Water in pipes does actually have direct analogies to electricity.

Think of the strength of the walls of your pipe as the ability of the wire to withstand heat. Like too much current in a wire, if there is too much water passing through a small pipe it will burst.

Forward voltage is a parameter of diodes, resistors and other passives, not of wires. Wires are considered just conductors, in other words, any given point of a continuous wire will have the same voltage potential. It's like thinking of a pipe of water: the pressure at any given location of the pipe is the same. Pipes and wires still do have "friction"/resistance in them, even if extremely small, and this is why they can still burst or burn out if too much flow is through them. Superconductors have no resistance at all--like a frictionless pipe.

For a resistor, think of it as a pipe that is in the same shape as the resistor symbol: --/\/\/\/\/\--. If that is the case, the water entering the resistor would need to bounce back and forth between the sides to get out, expending some of the energy potential in the water, but maintaining the same amount of flow because what goes in must also go out.

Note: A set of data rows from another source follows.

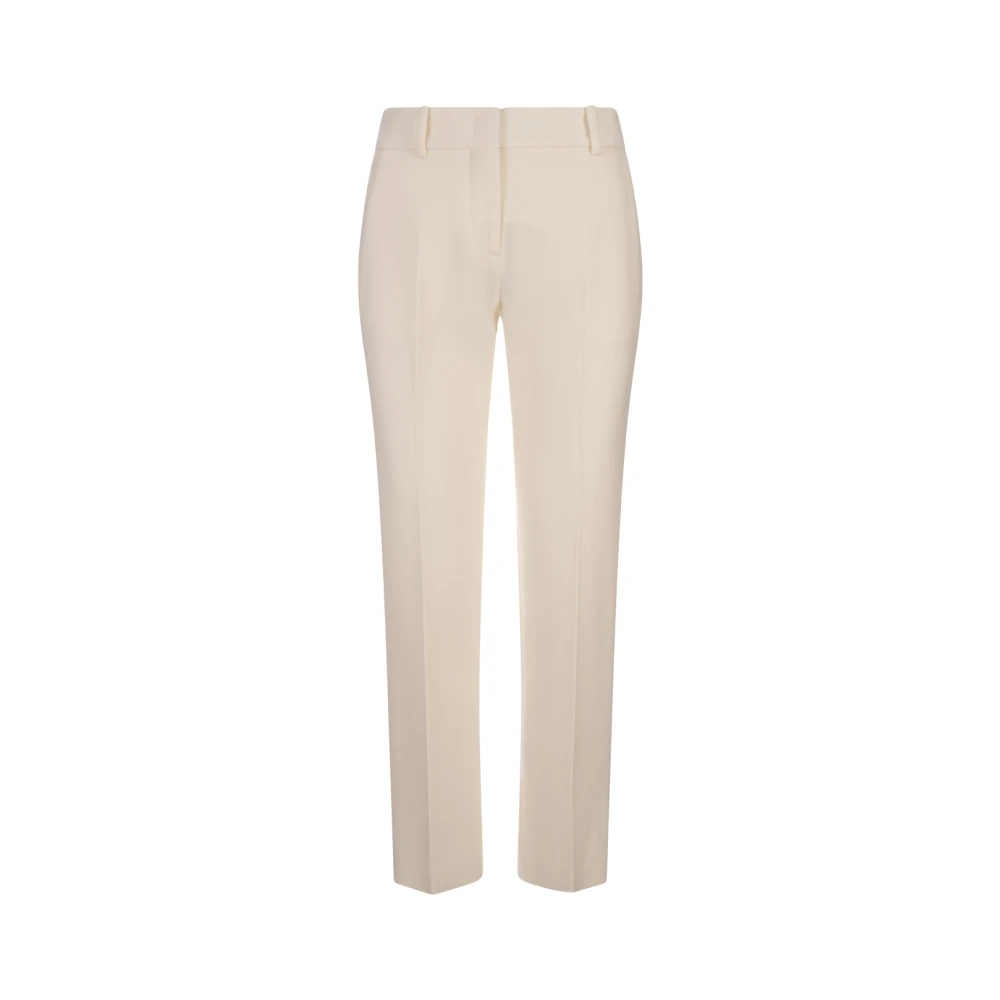 Ermanno Scervino Witte Straight-Cut Wollen Broek White Dames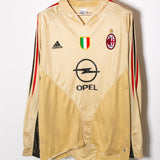 AC Milan 2004-05 Maldini Long Sleeve Third Kit (XL)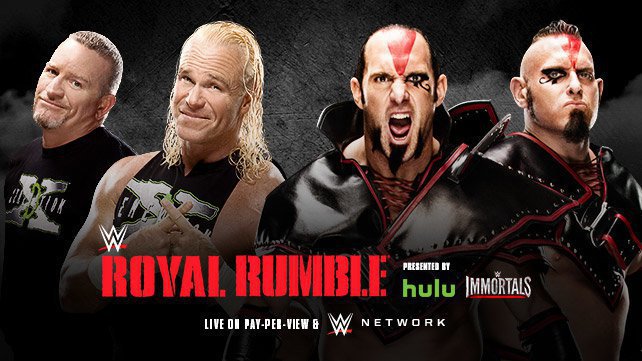 The New Age Outlaws vs. The Ascension at Royal Rumble 2015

The water analogy for a capacitor is a piston in a tube with a spring attached. The water can push the plate only so far compressing the spring. When the pressure is released, the spring will push water back out. This kind of thing occurs with the charge contained in a capacitor. Discharging the capacitor is akin to the spring being released.

An inductor is like a flywheel in the water. The water pushes it along and it starts to spin, but it is hard to slow the flywheel down if it is already spinning, and it'll continue to force the flow of water in the pipe.